On this occasion Prince Herman will positively turn a living woman to a rose and then change the rose to the woman.

It is feared that King Edward VII., of England, may not arrive in time for the entire reception, but seats will be reserved for him and his ministers.

Doors open at 7pm; entertainment begins at 7:45pm. Tickets on sale at One Cent Savings Bank, 411 Fourth avenue, North. Please secure tickets in advance.

Corrections: From the Treasurer of the Drivers’ Mutal Aid Association

Nashville Globe – January 18, 1907 (pg. 4)

To the Nashville Globe;

In your issue of January 11, 1907, there appeared an account of the annual banquet and installation of the Drivers’ Mutual Aid Association. A statement in which it is my desire to correct, as it does our society great injustice. We feel very grateful to you and Mr. Hart, one of the reporters, however, for the excellent report of our banquet. The Association, with two exceptions, is composed of men who make their living by the “sweat of their brow.”
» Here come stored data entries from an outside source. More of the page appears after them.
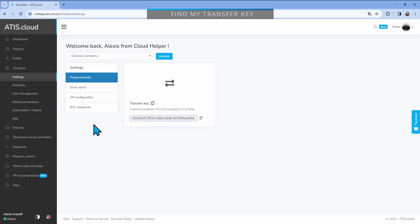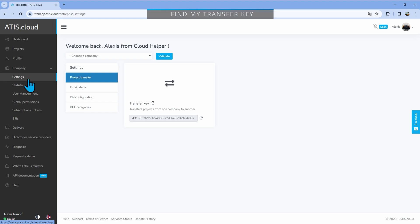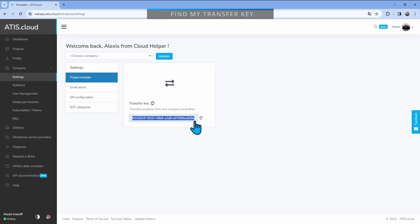To get the transfer key code, just go into company and then settings. If you don't see it, that probably means that you're not an administrator in your group. Then go to project transfer and copy the transfer key. You can either click on that button to copy it or directly get this and copy it. If you want to change your company key, you can just press this button and it will generate a new key.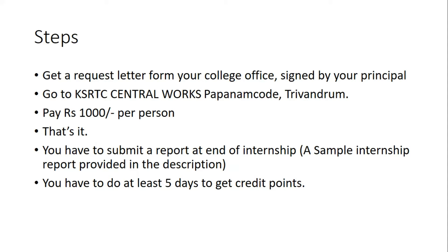You have to pay Rs 1000 per person. That means if there are nine persons with you, you have to pay Rs 9000. It doesn't matter how many days you do internship, the fee is fixed at Rs 1000 per person.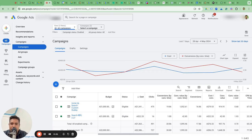I'm going to show you step by step how to create ROAS by time, CPA by time, and conversion rate by time — these three KPIs, custom metrics, custom columns.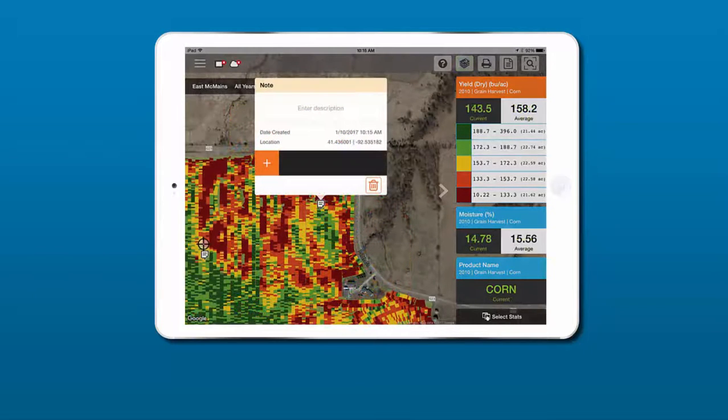Need to record a note or snap a photo of a unique observation? Simply tap and hold on the map and enter the details you wish to review at a later time.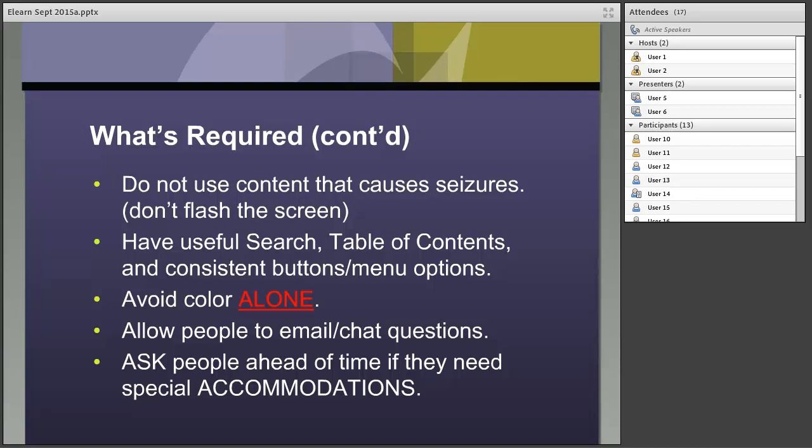Have a useful search feature, table of contents, and consistent buttons and menu options in your e-learning — that's just good practice. Allow people to navigate through the content the way they want, not a 'here is your slide, this is the only slide you get' approach. That's a poor learning experience for iterative learners and also prevents people with disabilities from being able to skip to the part they need. Make sure things are searchable and you have a table of contents for the entire training.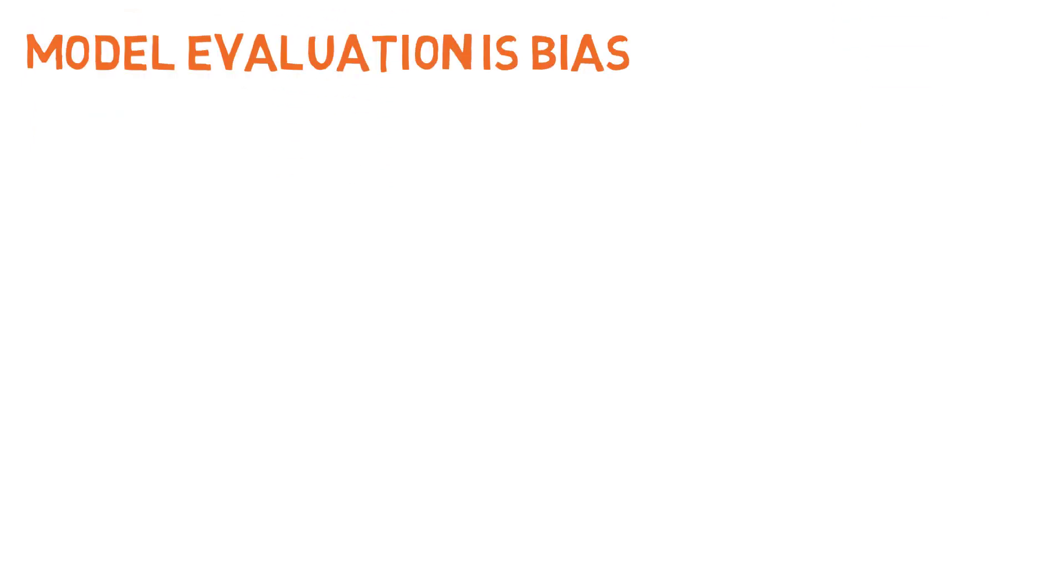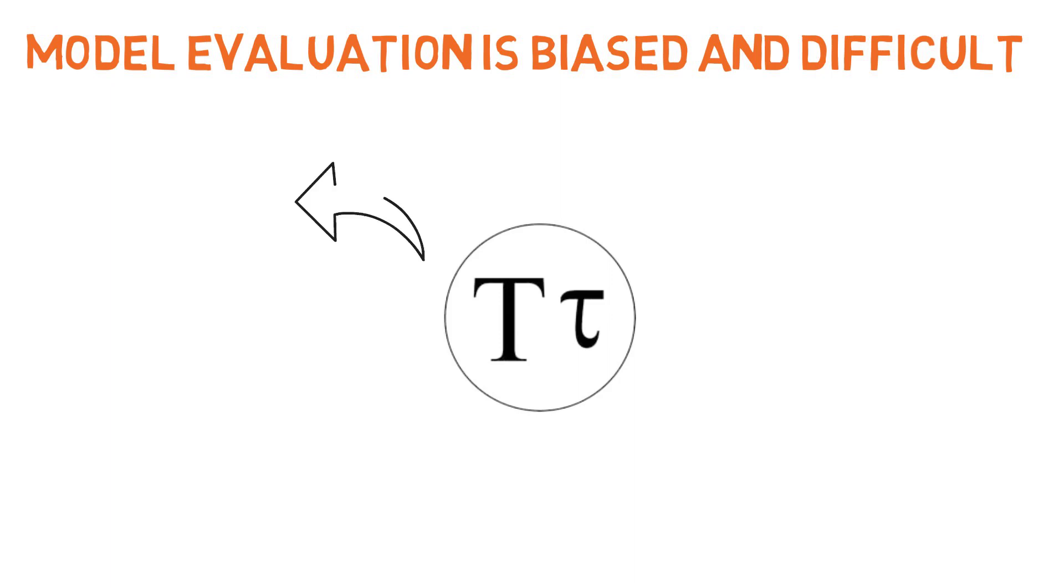Second, model evaluation is biased and difficult to replicate. To solve these problems, BitTensor is a decentralized peer-to-peer machine learning protocol where models can exchange knowledge and be ranked by peers for their contribution to the network.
The part of the article that we wish corrected is that which says, “Only one feature of this organization noticeable that deserves criticism and that is they make all of their deposits in banks operated by white men, ignoring entirely their own, the One Cent Savings Bank.” Our Association has done as much for the upbuilding of the colored race as any institution in Nashville. Had the reporter made inquiries of the officials concerning the statement printed in the paper he would have received the following facts: We have deposited in the One Cent Savings Bank since Jan. 16, 1904, $1,066.30, and we are still making deposits in the same bank, through which we do all of our business, and I am pleased to say that the officers of that institution show us every courtesy that could be shown. Our Association is not a secret society and the officials will be glad at any time to furnish you with any information that will be of interest to you or the reading public. We ask you in justice to us to correct the discrepancies in your article of last week.